Applying Backgrounds: Three Variants

Static image — simplest case. CIBlendWithMask on iOS, PorterDuff compositing on Android.

Blur — filter CIGaussianBlur with radius 12–20 applied to original frame, then mask selects between original and blurred. On Android—RenderEffect.createBlurEffect (API 31+) or custom blur via Vulkan.

Video background — needs a decoder synchronized with call timing. On iOS—AVPlayerItemVideoOutput + Metal texture. Heavy on memory: video buffer + camera buffer + mask buffer + result.
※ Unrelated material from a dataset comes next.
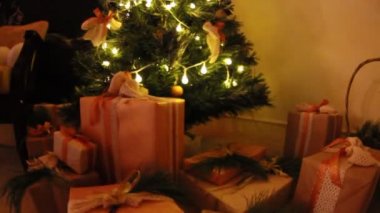 Hediyeler oyuncak ve beyaz ışık garland göz kırpıyor ile dekore edilmiş Noel köknar ağacı altındaki kutuları sunar. Slayt kamera hareketi.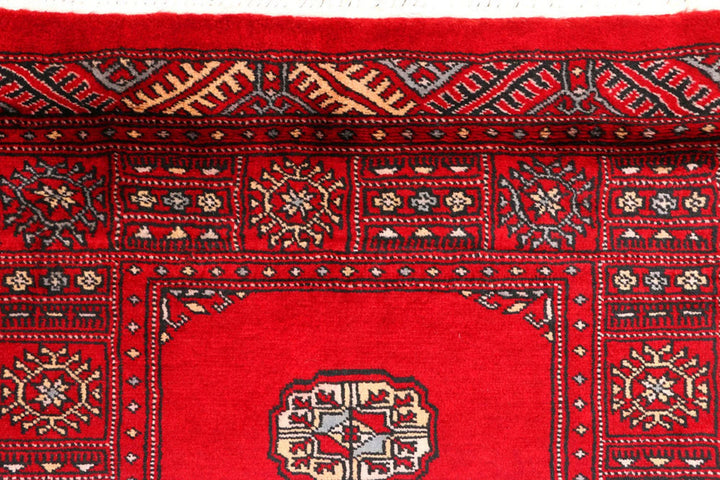 Dark Red Pakistani Bokhara Rug 2' 7" x 9' 2" Hand-Knotted | No. QA67992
On iPhone 12 with 4 GB OK, iPhone SE 2nd gen (3 GB) needs aggressive buffer reuse.

Integration in WebRTC Pipeline

Most mobile calling solutions use WebRTC—via LiveKit, Daily.co, Agora, or native WebRTC. All provide custom VideoSource/VideoProcessor mechanism to replace frames before encoding.

In LiveKit SDK for iOS, this is the VideoProcessor protocol:

class BackgroundReplacementProcessor: VideoProcessor {
    func process(frame: RTCVideoFrame) -> RTCVideoFrame? {
        // Segmentation + background application
        // Return new RTCVideoFrame with processed buffer
    }
}
room.localParticipant?.videoTracks.first?.processor = BackgroundReplacementProcessor()

Important: RTCVideoFrame works in CVPixelBuffer with format kCVPixelFormatType_420YpCbCr8BiPlanarFullRange. RGB conversion for ML inference and back—lossy. If model accepts YUV—keep format untouched.

Assessment and Process

Start with audit of existing WebRTC stack: which SDK, how frame pipeline organized, target device list. Then prototype with Vision/MLKit, measure on real devices from minimum requirements list.

Critical steps: tune segmentation model for quality/speed, optimize mask post-processing (contour antialiasing, edge feathering), test edge cases—uneven lighting, complex background, fast motion.

Timeline Estimates

Basic implementation with blurred background (one platform) takes 2–3 weeks. Full implementation supporting static images and video backgrounds, both platforms, integration into existing WebRTC stack requires 5–8 weeks.